SHELL LAB I

PART I

STEP I: Setup

  1. Download a file in FASTA format containing the sequences of some E. coli genes from here.
  2. Create a directory “laboratorio” in your home with the command mkdir:

                $ mkdir laboratorio

  1. Move the FASTA file from where you downloaded to the directory you just created with the command mv:

                $ mv download-path laboratorio/

  1. Change the current directory to “laboratorio” (go in “laboratorio”).

STEP II: See the content of a file

  1. Use the command cat to see the content of the FASTA file:

                $ cat fasta-path

  1. To see just the beginning of the file use the command head:

                $ head fasta-path

  1. To see more (or less than) ten lines, we can pass an option to head:

                $ head -n 20 fasta-path

  1. To see just the end of the file use the command tail. It works like head and also has an option -n to see more or less than then lines.

STEP III: Using less

  1. Try to see the content of the FASTA file with the command less. It will remain open after you use it.
  2. Inside less you can use the up and down arrows to scroll up and down one line.
  3. You can use page up and page down to go the beginning or to the end of the file.
  4. You can search for text by pressing “/”, writing the text (it appears on the bottom line) and then pressing enter to search for it in the file. Try to search for any sequence of five bases. Do you find it?
  5. Use “q” to close less and go back to the command prompt.

STEP IV: Extracting data

  1. Use the command wc to count lines, words and characters in a file. Try it on our FASTA.
  2. With the option -l, wc prints only the number of lines. Try it.
  3. Use the command grep to select only lines that match a pattern. For example use it to find lines containing the sequence “AAAAA”:

                $ grep “AAAAA” fasta-path

  1. Use grep to extract only the sequence names from the FASTA:

                $ grep “>” fasta-path

  1. Use grep to extract only the sequence bases from the FASTA, with the option -v:

                $ grep -v “>” fasta-path

PART II

STEP I: Pipes

  1. Use grep and wc -l to count the sequences in the FASTA:

                $ grep “>” fasta-path | wc -l

  1. Now try to use grep and wc (without -l) to count lines, words and characters of the lines with sequence bases in the FASTA. The total number of bases is the number of characters minus the number of lines (we need to remove newline characters from the total).

STEP II: A SAM file

  1. Download a SAM file with some alignments of SOLiD reads of V. vinifera from here.
  2. Move it in the directory laboratorio.
  3. Use cat to see the content of the SAM file.
  4. Now try again with less.
  5. Since the lines are very long, add the option -S to avoid wrapping.

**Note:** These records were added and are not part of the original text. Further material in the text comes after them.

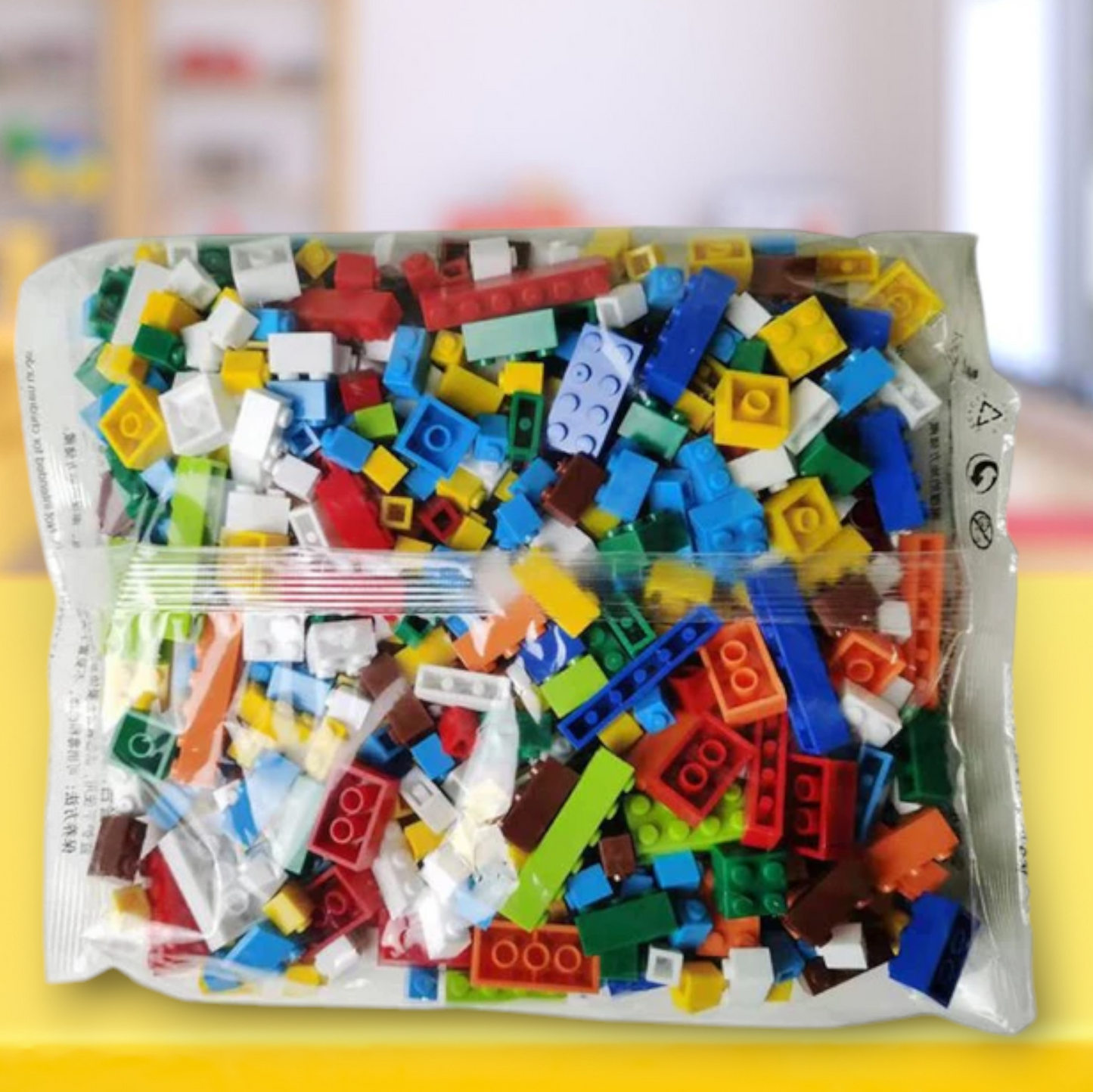 A vibrant collection of 1000 pieces of kids’ building blocks by Giggly Groves, featuring a variety of colors such as red, yellow, blue, green, and orange. The interlocking plastic bricks are scattered in a playful and inviting manner with the quantity ‘1000 pcs’ prominently displayed in the center. Ideal for creative play and motor skill development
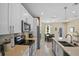 Bright kitchen featuring white cabinets, quartz countertops, stainless steel appliances and open to dining area at 2626 Coachman Dr, Deltona, FL 32738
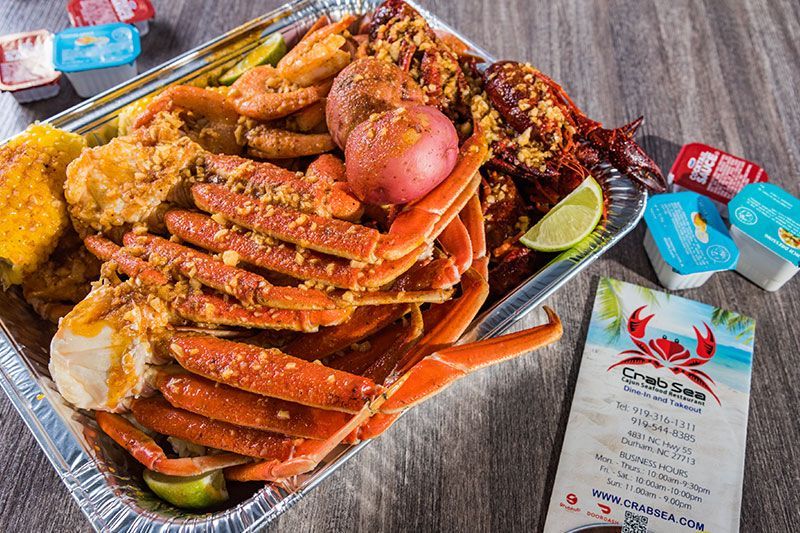 Tray of cooked crab legs and seafood with lemon wedges and sauces on a table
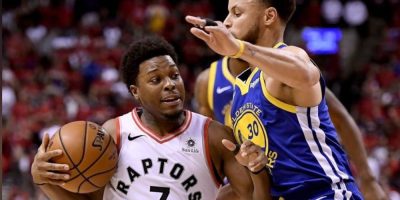 Toronto Raptors guard Kyle Lowry drives to the basket as Golden State Warriors guard Stephen Curry defends during Game 2 of the 2019 NBA Finals in Toronto.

STEP III: More grep and wc

  1. Now extract only the header lines of the SAM file with grep.
  2. Extract only lines alignment lines (that is, lines that are not in the header).
  3. Count header lines and alignments. To do this use the grep commands from the previous points and then wc -l, combining them in a pipe as before.
  4. Now try counting the alignments lines with like this:

                $ grep -v “^@” sam-path | wc -l

        Did you get the same number as before?

STEP IV: Other extraction commands

  1. Now try to extract only reverse alignments. Check your results with:

                $ grep ... | less -S

  1. Now count the reverse aligments you extracted.
  2. Lets try a different method. The command cut can extract one or more columns from a tabular file like SAM. You decide the column(s) with the option -f, so cut -f 2 extracts the second column (the flag field). We also need to remove the header since it is not tabular. Try this:

                $ grep -v ‘^@’ sam-path | cut -f 2 | less -S

        You should get only the third field of the alignment lines.

  1. Modify the the last command (without less) to count the reverse alignments. Do you get the same number as before?
  2. Now extract the reference (chromosome) field from the alignments with cut. Again you need grep to remove the header lines and then cut to extract the third column.
  3. Now try the command uniq with the option -c to count how many alignments each chromosome has. uniq -c counts how many times a line is consecutively repeated. Extract the chromosomes as before and then use uniq -c to get a nice little table with the number of alignments for each chromosome.